Find the "DESCARTES - Discours" line in the records below and repeat it and every later line exactly, up to the last; do not include pictures.

→ **Supplied data**:
○ ○ ○ ○

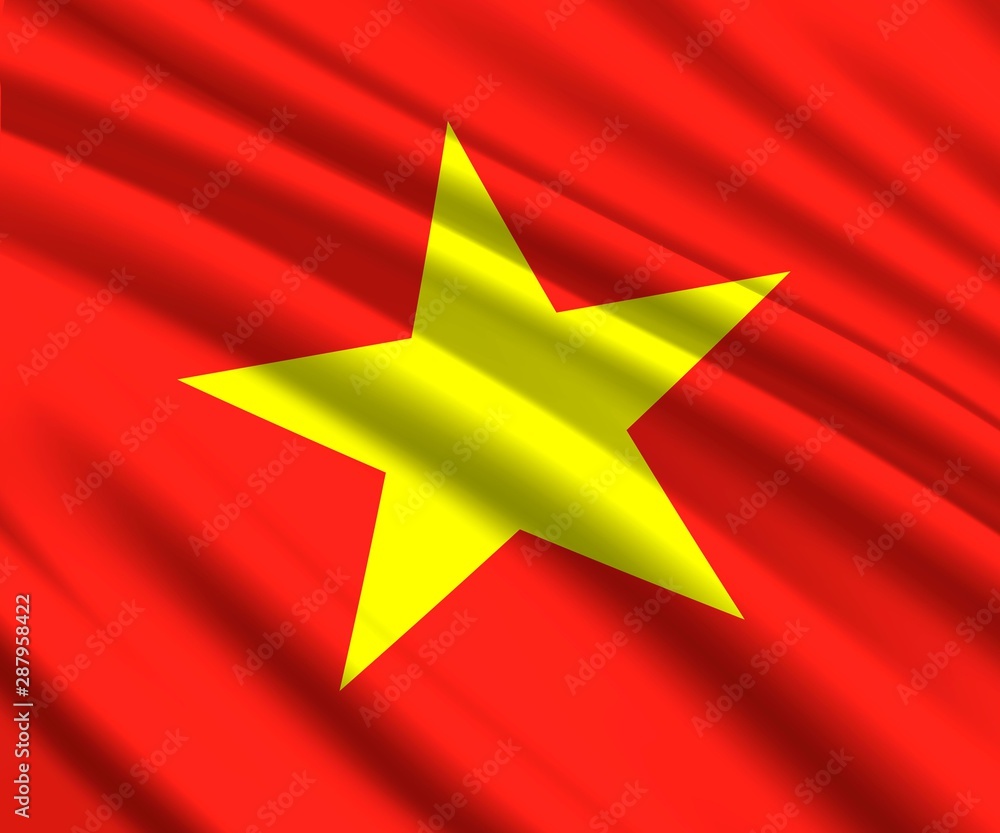 3d waving flag 3d waving flag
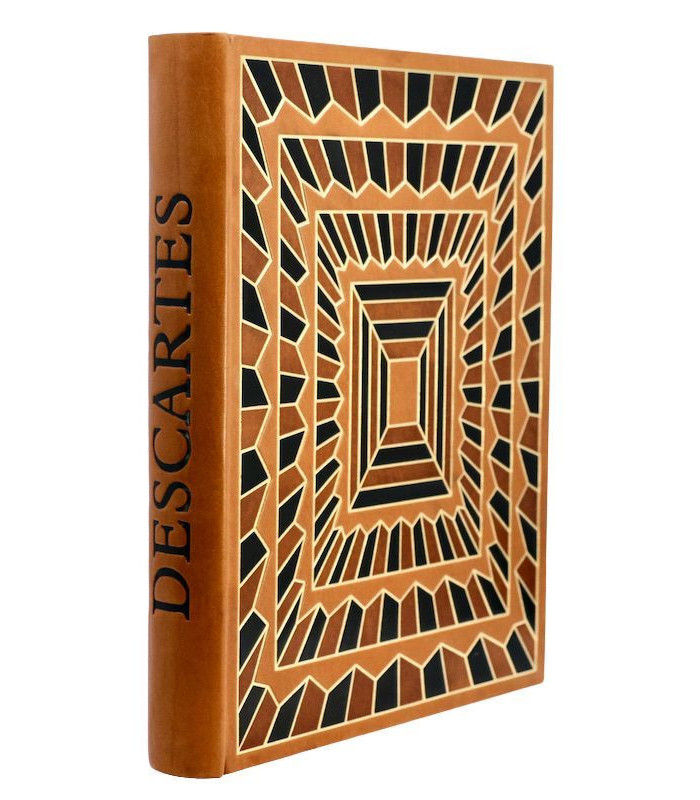 DESCARTES - Discours de la méthode - ROHNER (Georges)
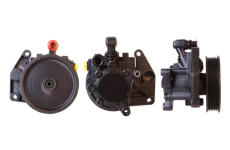 Hydraulické čerpadlo, řízení SPIDAN 54586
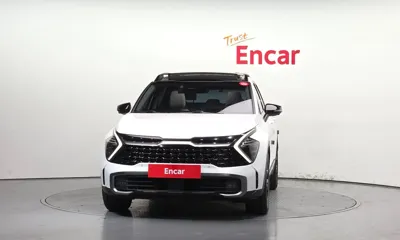 Kia Sportage 2022, 55256 км, за 25900000 KRW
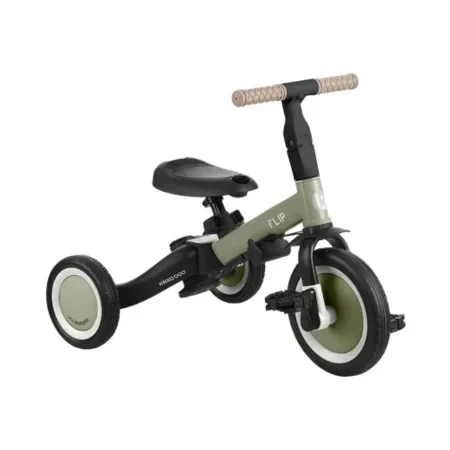 Kikka Boo Tricikl FLIP 5in1 army green KKB21153 POKUĆSTVO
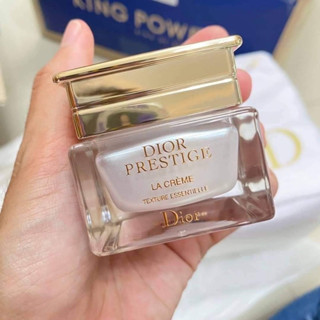 ครีม Dior Prestige La Creme Texture Essentielle 15ml.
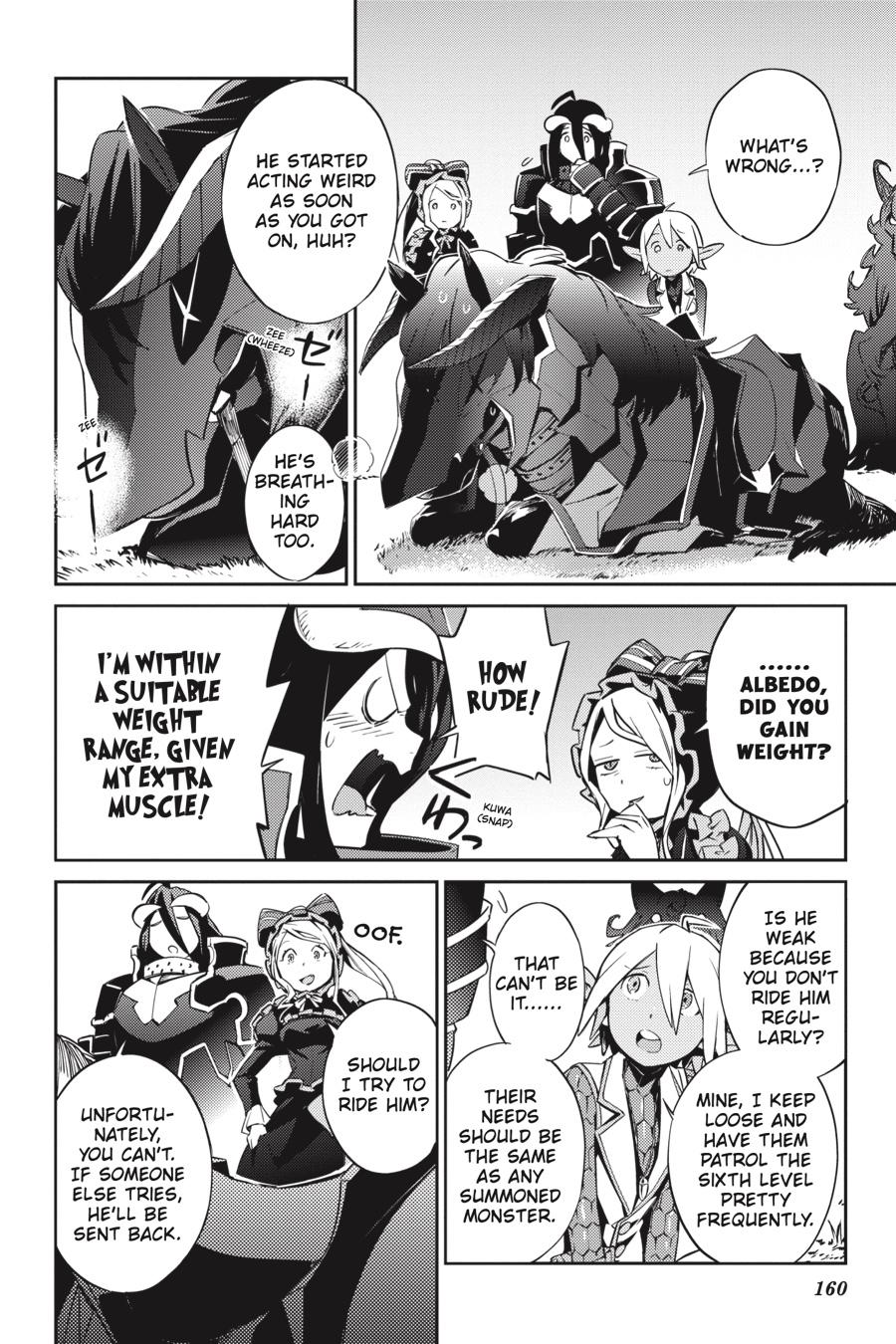 Overlord Chapter 53.2 - Page 10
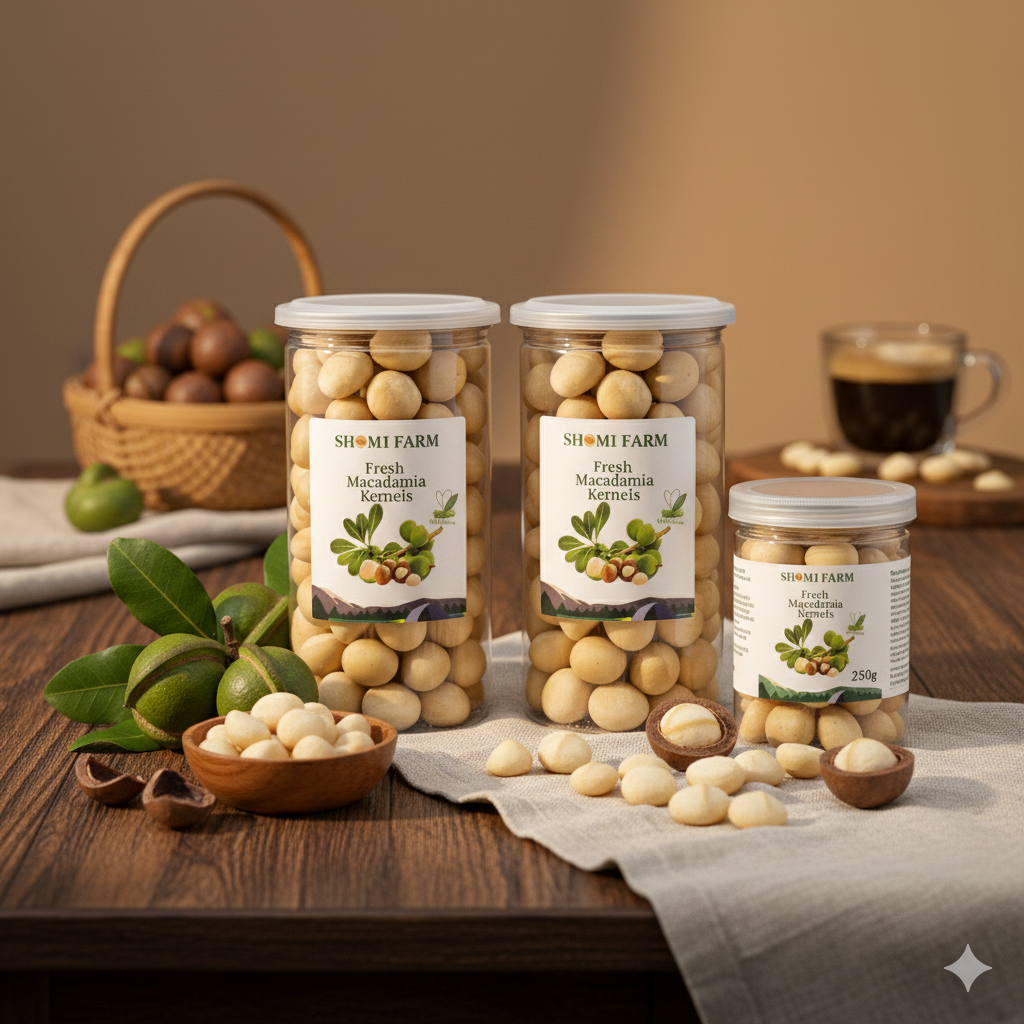 Nhân Macca Nguyên Loại 1 VIP 7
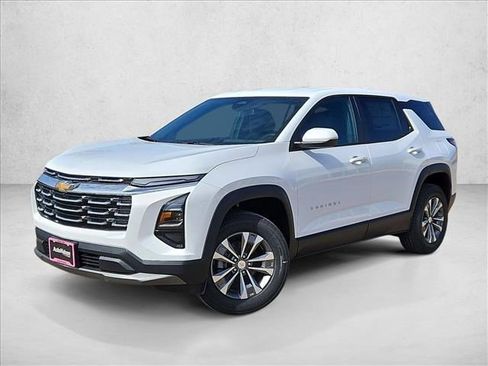 New 2026 Chevrolet Equinox LT w/ Convenience Package II image 1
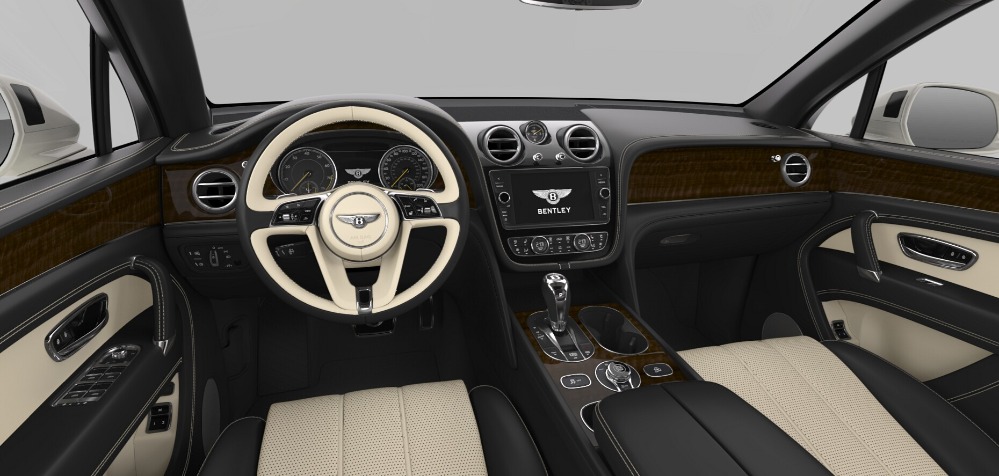 2020 Bentley Bentayga V8 Image 4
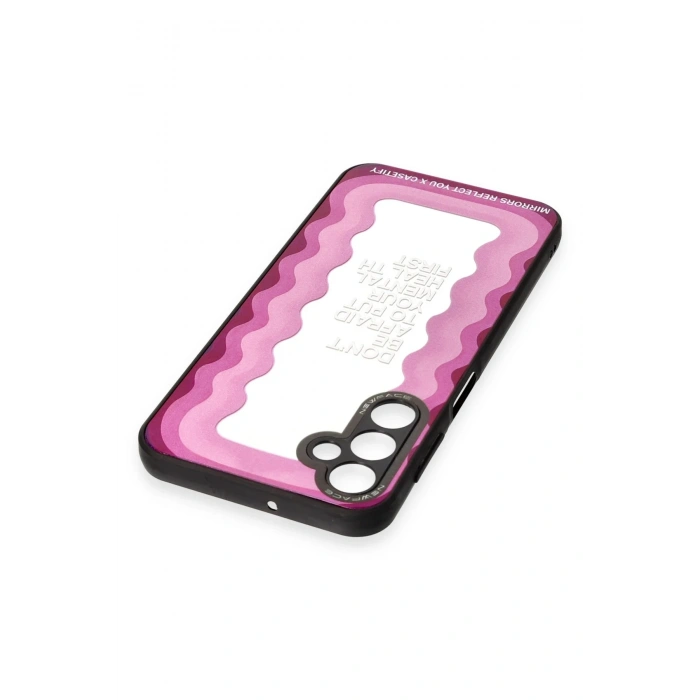 Mey İthalat®  Samsung Galaxy A04S Kılıf Mirror Desenli Kapak - Mirror - 11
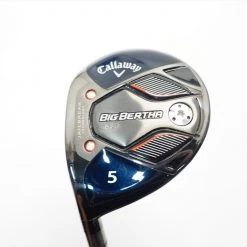 Callaway Big Bertha B21 18° 5 Fairway Wood Regular Rch 1004590 Mint Left Hand Lh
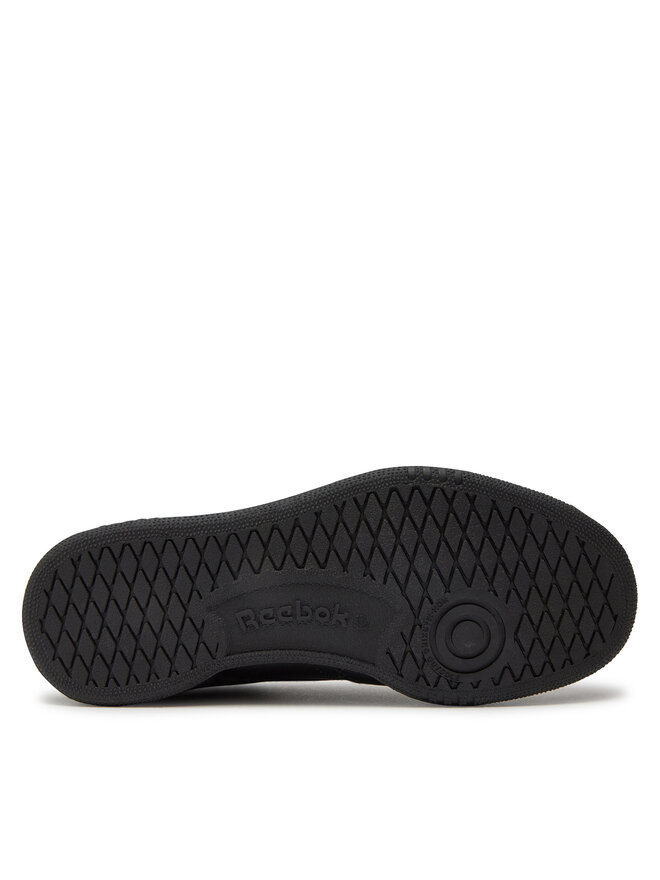 Reebok Sportcipők Reebok Club C BS6182 Fekete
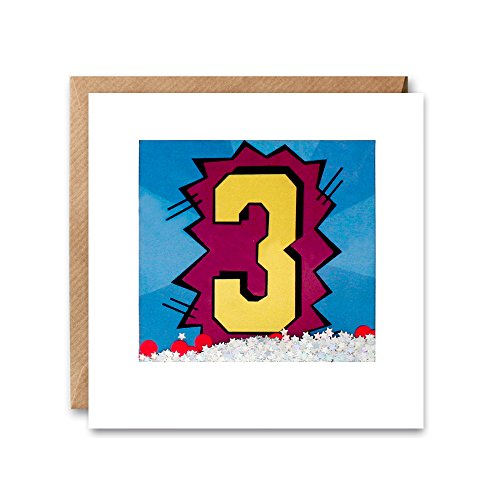 Biglietti D Auguri Kapow James Ellis Shakies Biglietto Di Auguri Per Compleanno 21 Anni Giochi E Giocattoli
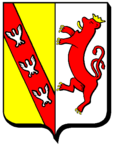 Wappen von Grindorff-Bizing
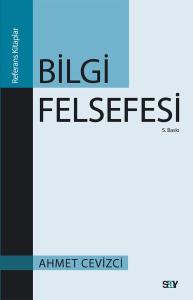2. EL ÜRÜNDÜR!!!!! Bilgi Felsefesi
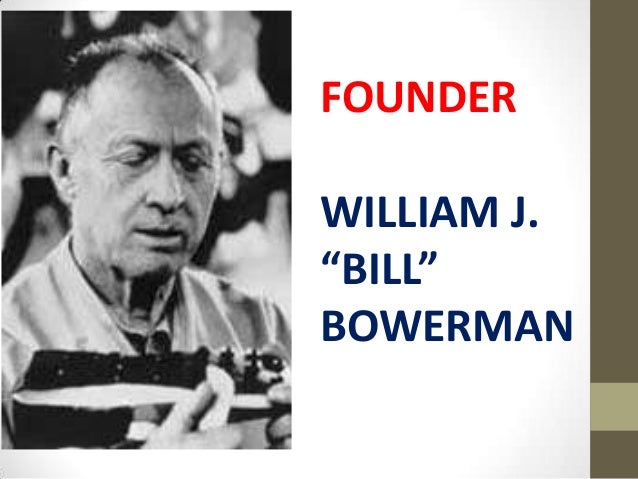 bill bowerman children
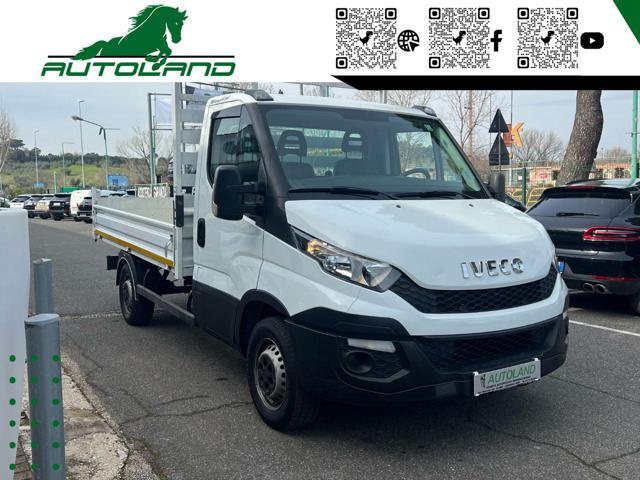 IVECO Daily 35C112.3 HPT Ribaltabile Cabinato finanziabile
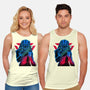 Jungle Hunter-Unisex-Basic-Tank-rmatix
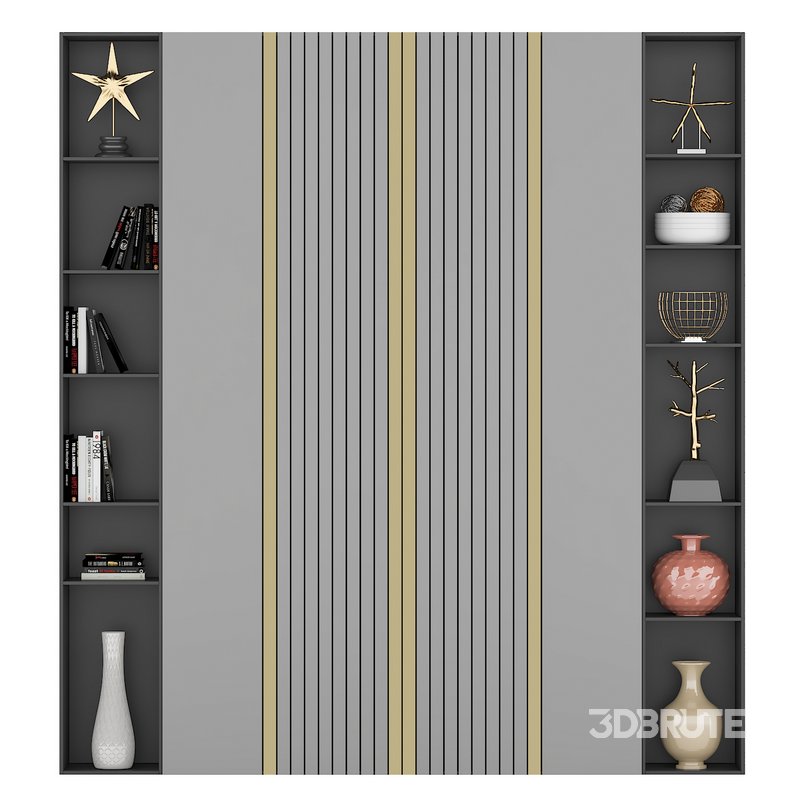 Wardrobe Furniture 019 Image 1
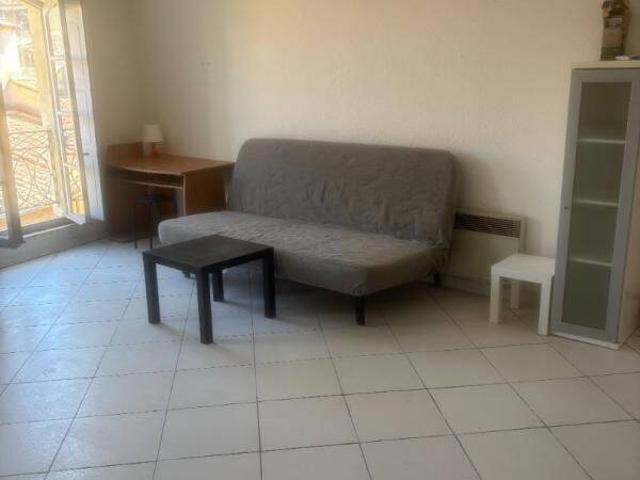 Appartement de 32m2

○ ○ ○ ○

→ **Answer to this exercise**:
 DESCARTES - Discours de la méthode - ROHNER (Georges)
 Hydraulické čerpadlo, řízení SPIDAN 54586
 Kia Sportage 2022, 55256 км, за 25900000 KRW
 Kikka Boo Tricikl FLIP 5in1 army green KKB21153 POKUĆSTVO
 ครีม Dior Prestige La Creme Texture Essentielle 15ml.
 Overlord Chapter 53.2 - Page 10
 Nhân Macca Nguyên Loại 1 VIP 7
 New 2026 Chevrolet Equinox LT w/ Convenience Package II image 1
 2020 Bentley Bentayga V8 Image 4
 Mey İthalat®  Samsung Galaxy A04S Kılıf Mirror Desenli Kapak - Mirror - 11
 Callaway Big Bertha B21 18° 5 Fairway Wood Regular Rch 1004590 Mint Left Hand Lh
 Reebok Sportcipők Reebok Club C BS6182 Fekete
 Biglietti D Auguri Kapow James Ellis Shakies Biglietto Di Auguri Per Compleanno 21 Anni Giochi E Giocattoli
 Wappen von Grindorff-Bizing
2. EL ÜRÜNDÜR!!!!! Bilgi Felsefesi
 bill bowerman children
 IVECO Daily 35C112.3 HPT Ribaltabile Cabinato finanziabile
 Jungle Hunter-Unisex-Basic-Tank-rmatix
 Wardrobe Furniture 019 Image 1
 Appartement de 32m2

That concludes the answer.